Welcome!

Blog Feed Post

Data Lake Business Model Maturity Index

This blog is written in collaboration with the witting and insightful Matt Maccaux and his leading edge work around our elastic data platform and data lake.

“Our organization is abuzz with the concept of data lakes!” a customer recently told me. And rightfully so, as the data lake holds the potential to help organizations become more effective at leveraging data and analytics to power their business models. That’s exactly what we propose when we talk about the Big Data Business Model Maturity Index, and helping organizations to exploit the power of predictive, prescriptive, and cognitive (self-learning) analytics to advance up the business model maturity index (see Figure 1).
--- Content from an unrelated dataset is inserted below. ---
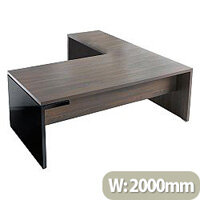 Mito Executive Desk 2000mm With Left Hand Desk Return Dark Sycamore & Black Mito Executive Desk 2000mm With Left Hand Desk Return Dark Sycamore & Black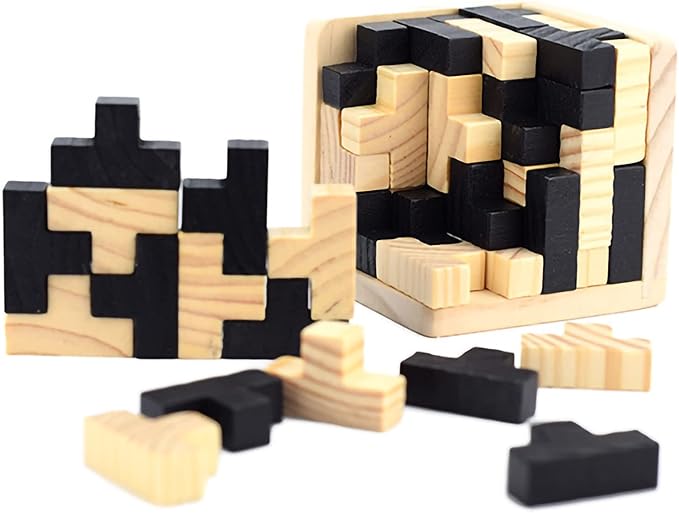 3D Wooden Brain Teaser Puzzle Cube Wooden Puzzles T-Shaped Jigsaw Logic Puzzle Game Puzzles Educational Toy for Kids and Adults (Black)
Figure 1: Big Data Business Model Maturity Index

Figure 1: Big Data Business Model Maturity Index

 

But thinking about the data lake as only a technology play is where organizations go wrong. And in fact, thinking of the data lake as only a data repository (something akin to your data warehouse) can create a chasm that hinders the organization’s ability to leverage data and analytics for business value, which hinders an organization’s ability to “monetize” its data by optimizing key operational processes, mitigating compliance and security risks, uncovering new revenue opportunities, and creating a more compelling customer engagement.

From our customer experiences with respect to building out their data lakes, we’d like to share our Data Lake Business Model Maturity Index. This Data Lake Business Model Maturity Index not only shows you where you are today with respect to leveraging your data lake to drive monetization opportunities, but also provides a roadmap for getting from where you are today to where you need to be tomorrow.

Data Lake 1.0:  Getting Familiar with the Technology

Data Lake 1.0 is where organizations are standing up and getting familiar with big data technologies such as Hadoop, HDFS, Hive and HBase. Generally, the goal with these early data lakes was to offload as much data as possible to lower the overall cost of performing analytics. However, organizations are making some big mistakes as they build out their Data Lake 1.0; creating “anti-patterns” or “worst practices” that will ultimately hinder their ability to create a scalable, elastic data platform.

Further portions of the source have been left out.